═══ Record extracts ═══

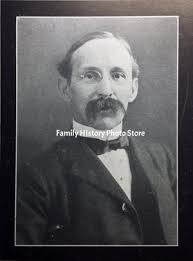 Ferris Walton Price (1852-1909) — Family History Photo Store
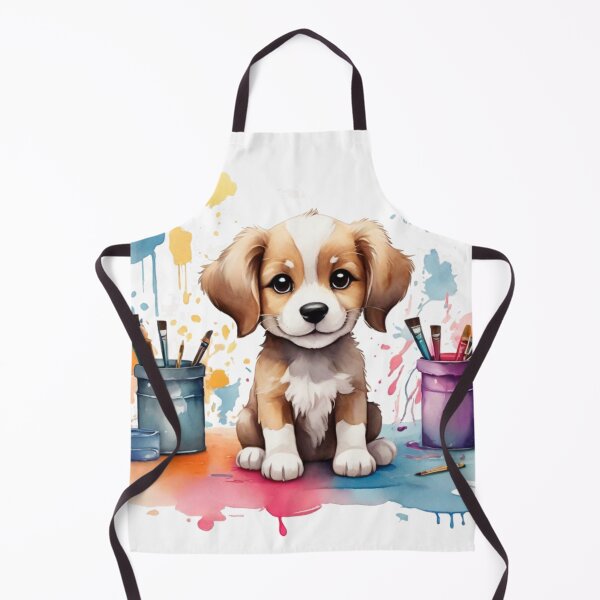 Item preview, Puppy Artist designed and sold by Pawsandco.
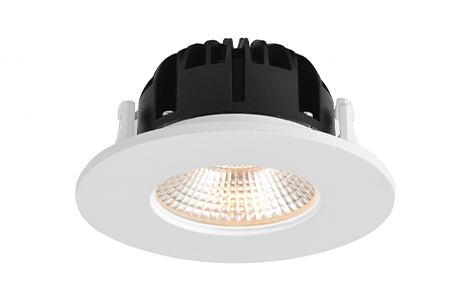 DL2407 Series R Weatherproof IP65 LED Recessed Downlight - Image 2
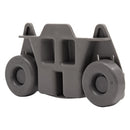 Dishwasher Dishrack Rack Roller for Whirlpool W10195417 WPW10195417 AP4538395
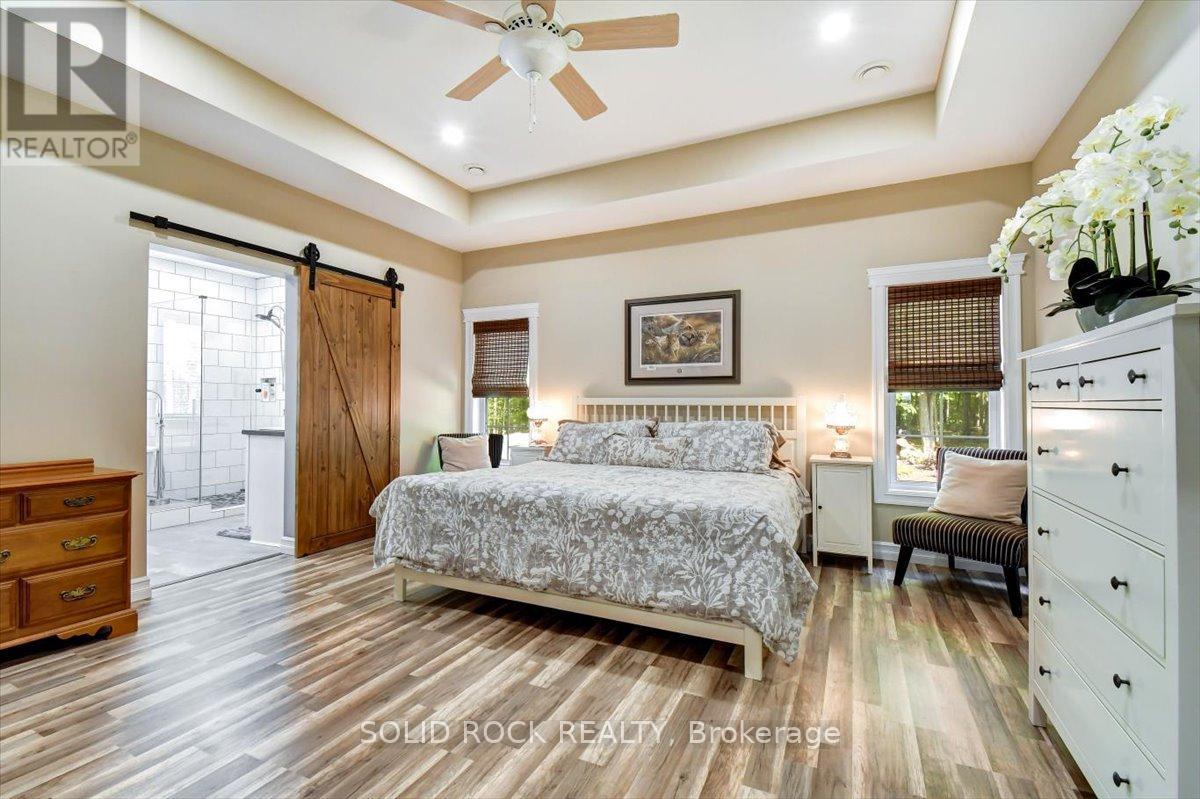 400 Pigden Road, Madoc, ON - Indoor Photo Showing Bedroom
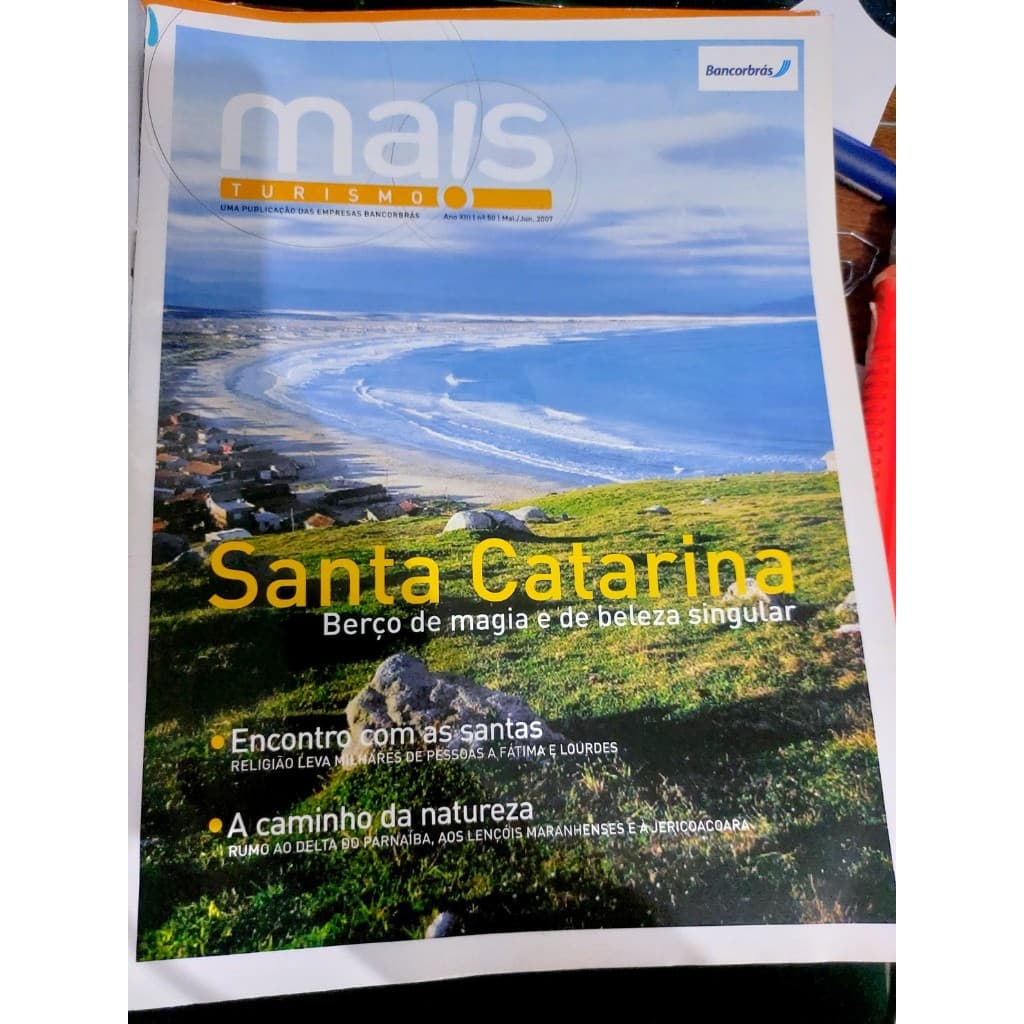Revista Mais turismo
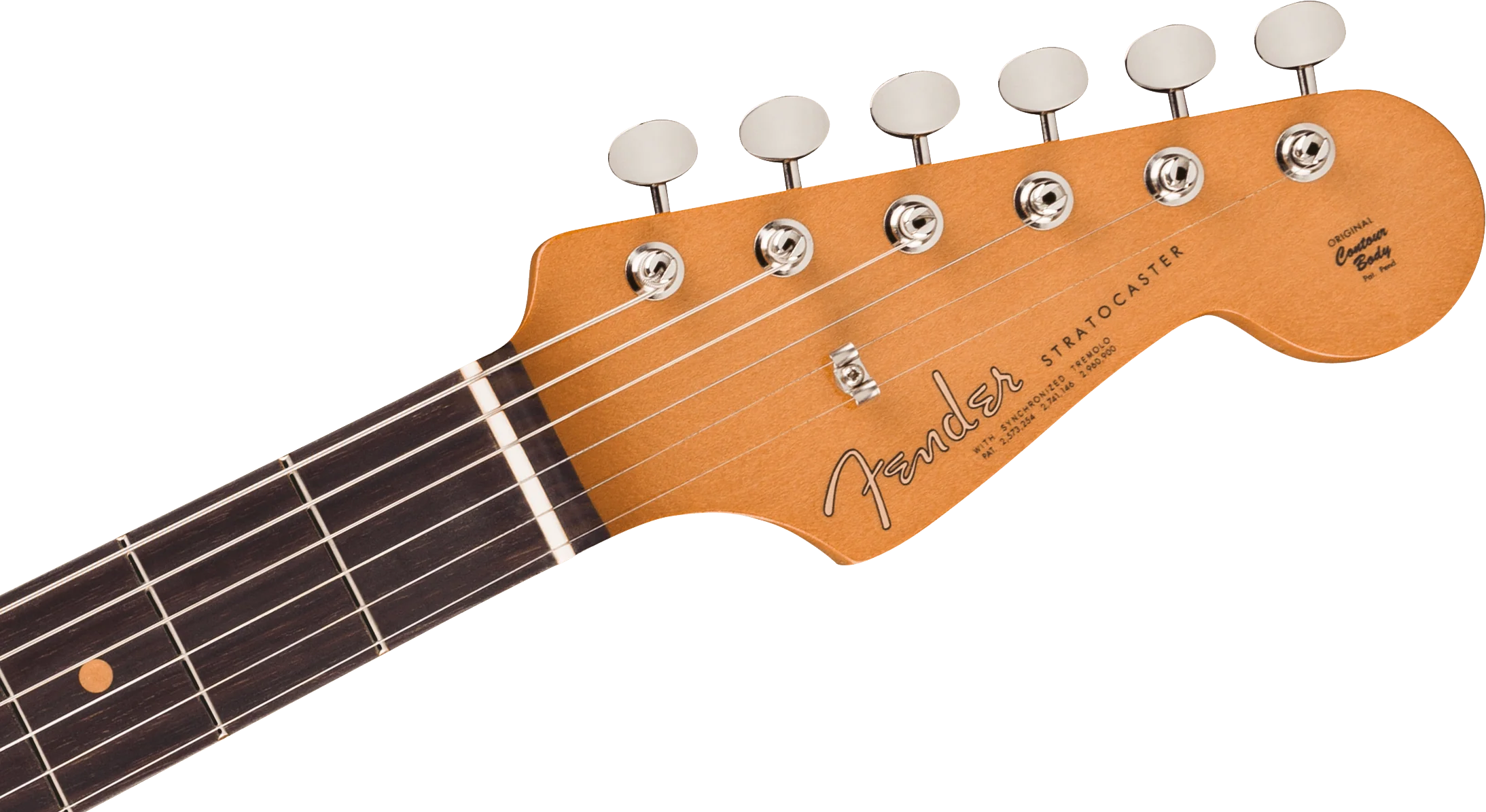 Vintera® III Early '60s Stratocaster® - Image 5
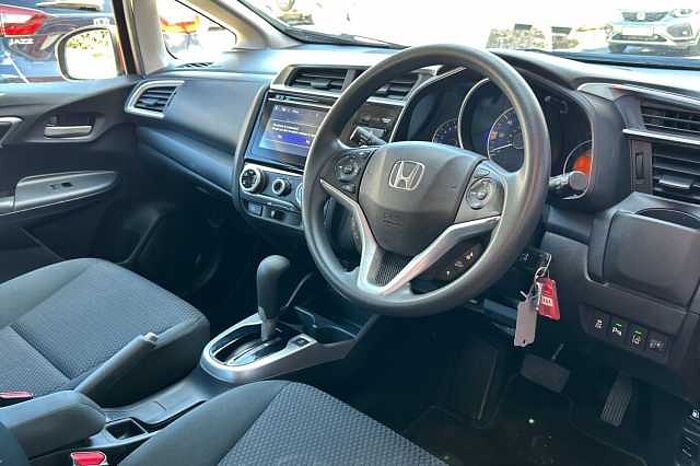 Honda Jazz 1.3 i-VTEC SE Navi 5dr CVT 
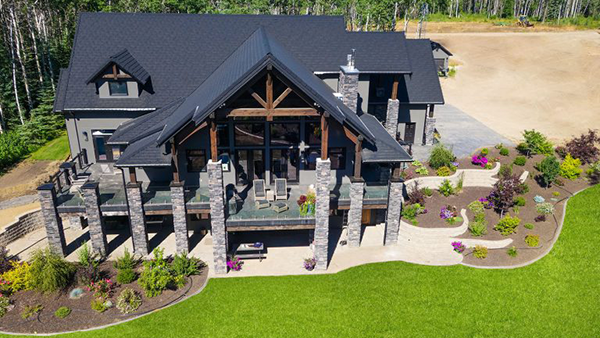 Fotografía y Videografía Inmobiliaria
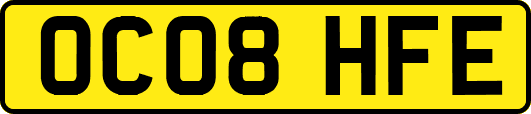OC08HFE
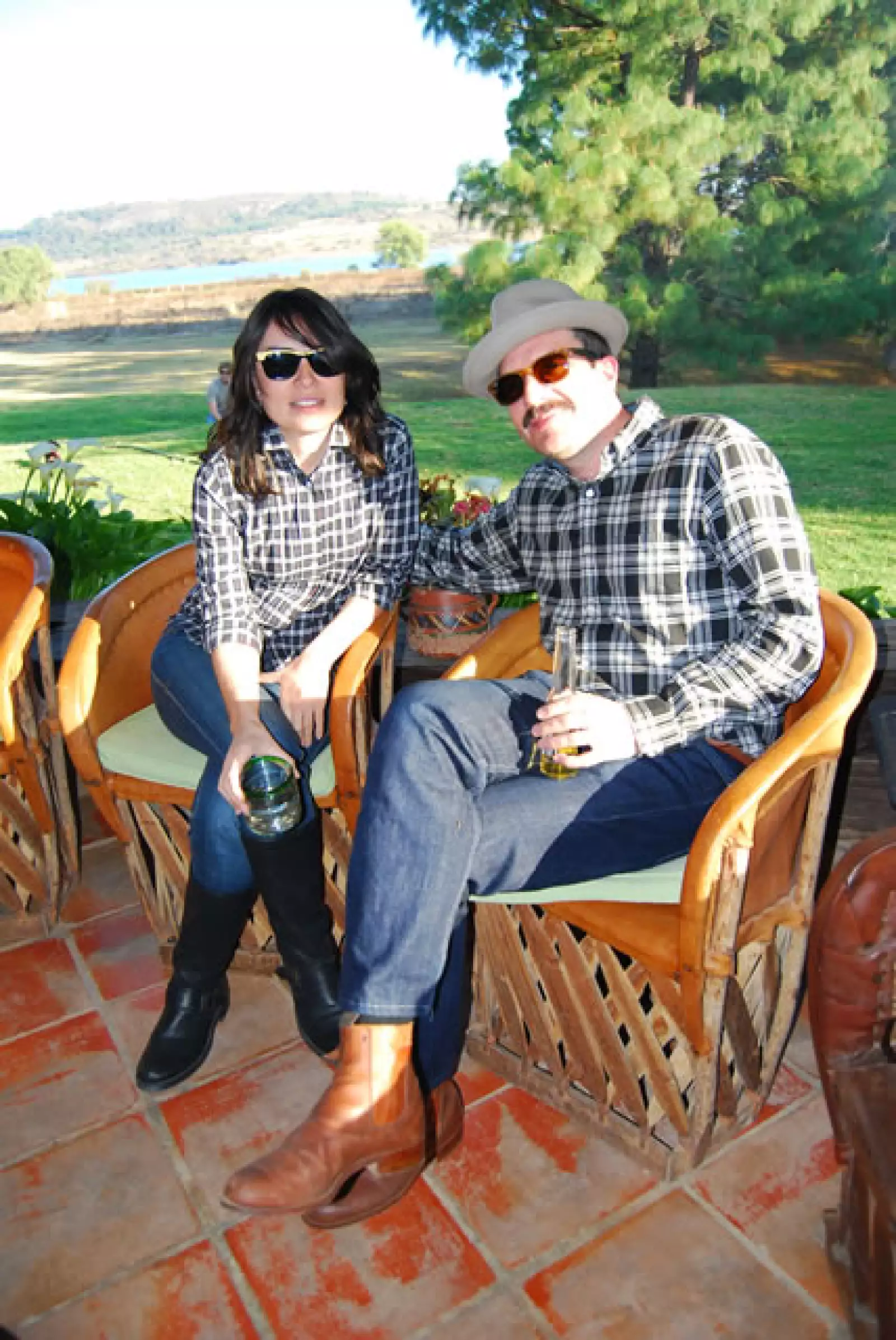 Cumple de Regina Vizcaíno.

═══

■ Exercise:
With the pictures excluded, the line containing "Vintera® III Early" and every line after it through the end of the data above are to be transcribed exactly, and nothing more.

■ Response to the exercise:
 Vintera® III Early '60s Stratocaster® - Image 5
 Honda Jazz 1.3 i-VTEC SE Navi 5dr CVT 
 Fotografía y Videografía Inmobiliaria
OC08HFE
 Cumple de Regina Vizcaíno.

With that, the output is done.